Face aux vagues de haine internationales et aux innombrables menaces de mort qui se sont abattues sur elle, le FBI a décidé de lui faire intégrer le programme Witsec, qui à l’origine offre protection et nouvelle vie à ceux qui acceptent de témoigner devant la justice contre les grands noms du crime organisé. Désormais, ce programme accueille donc aussi les Américains menacés de mort par une fatwa, cette obligation que se donnent les fanatiques d’assassiner ceux qui selon eux, ont insulté Mahomet. Une vie qui rappelle celle d’autres courageux, cachés et menacés de mort. Celle de Salman Rushdie, et côté femmes, de Ayaan Hirsi Ali, de Zhineb El Rhazoui, qui en raison de sa liberté de parole, vit sous protection policière depuis l’attaque islamiste contre Charlie Hebdo en 2015.

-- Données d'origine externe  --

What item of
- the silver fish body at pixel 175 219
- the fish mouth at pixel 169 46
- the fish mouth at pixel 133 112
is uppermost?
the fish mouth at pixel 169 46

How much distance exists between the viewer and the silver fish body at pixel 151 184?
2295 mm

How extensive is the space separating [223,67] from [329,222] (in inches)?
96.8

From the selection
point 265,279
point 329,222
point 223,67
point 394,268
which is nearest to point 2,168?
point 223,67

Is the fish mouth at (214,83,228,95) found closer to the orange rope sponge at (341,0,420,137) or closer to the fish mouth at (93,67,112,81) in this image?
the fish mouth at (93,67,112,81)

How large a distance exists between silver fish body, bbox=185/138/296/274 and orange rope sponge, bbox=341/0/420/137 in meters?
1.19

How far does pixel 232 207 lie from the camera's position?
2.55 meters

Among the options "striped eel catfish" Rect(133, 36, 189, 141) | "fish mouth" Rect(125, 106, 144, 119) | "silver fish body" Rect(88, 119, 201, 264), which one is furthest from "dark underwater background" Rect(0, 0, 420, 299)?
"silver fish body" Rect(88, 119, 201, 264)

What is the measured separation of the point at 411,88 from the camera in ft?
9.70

La romancière Sophie Carquain vient de publier Le Roman de Molly N., un roman qui s’appuie sur les rares informations biographiques qu’elle a pu glaner sur la dessinatrice, le FBI ayant bien nettoyé internet de toute information qui permettrait de retrouver Molly.
Marie Claire : Qu’est-ce qui vous a donné envie d’imaginer la vie top secrète de Molly Norris ?
Sophie Carquain : Le jour des attentats de Charlie Hebdo le 7 janvier 2015, les chaînes répétaient en boucle les informations sur les tués, leurs noms. Et tout à coup arrive la photo d’une femme. C’était une capture d’écran de CNN, une femme en fin de trentaine, des petites couettes, des lunettes, une tête de Madame tout le monde. J’apprends qu’elle s’appelle Molly Norris, qu’elle est « cartoonist », illustratrice et chroniqueuse à Seattle, et qu’elle a disparu depuis 5 ans, parce qu’elle fait l’objet d’une fatwa.
J’apprends qu’elle était sur la même liste que Charb, assassiné à Charlie Hebdo. Et je me dis « Mais qu’est ce que c’est que cette histoire ? Il y a donc une autre affaire des caricatures de Mahomet complètement passée sous silence qui a débuté en avril 2010. Cette américaine, c’est l’équivalent féminin d’un Charb ! Son histoire m’a fascinée. J’ai commencé à faire des recherches sur elle. Puis devant la maigreur des informations récoltées, le refus de ceux qui l’ont côtoyée, amis, collègues… » de me parler d’elle, j’ai décidé d’imaginer sa vie et d’en faire un roman.
Cette américaine, c’est l’équivalent féminin d’un Charb !
Pourquoi fait-elle-toujours- l’objet d’une fatwa ?
Tout commence par des épisodes de la série South Park. Les créateurs Matt Stone et Trey Parker avaient transformé Mahomet en gros ours en peluche dans l’épisode 6 de la saison 14. Cela a déclenché les foudres d’un groupuscule extrémiste du nom de Muslim Revolution. Le groupe les a menacés de finir comme le réalisateur néeelandais Théo Van Gogh, en rappelant qu’il était mort de huit balles dans le corps avant d’être égorgé (son « tort », avoir réalisé un documentaire sur le traitement des femmes dans l’islam). La menace était accompagnée d’une photo du cadavre du réalisateur avec la mention des adresses de Parker et Stone.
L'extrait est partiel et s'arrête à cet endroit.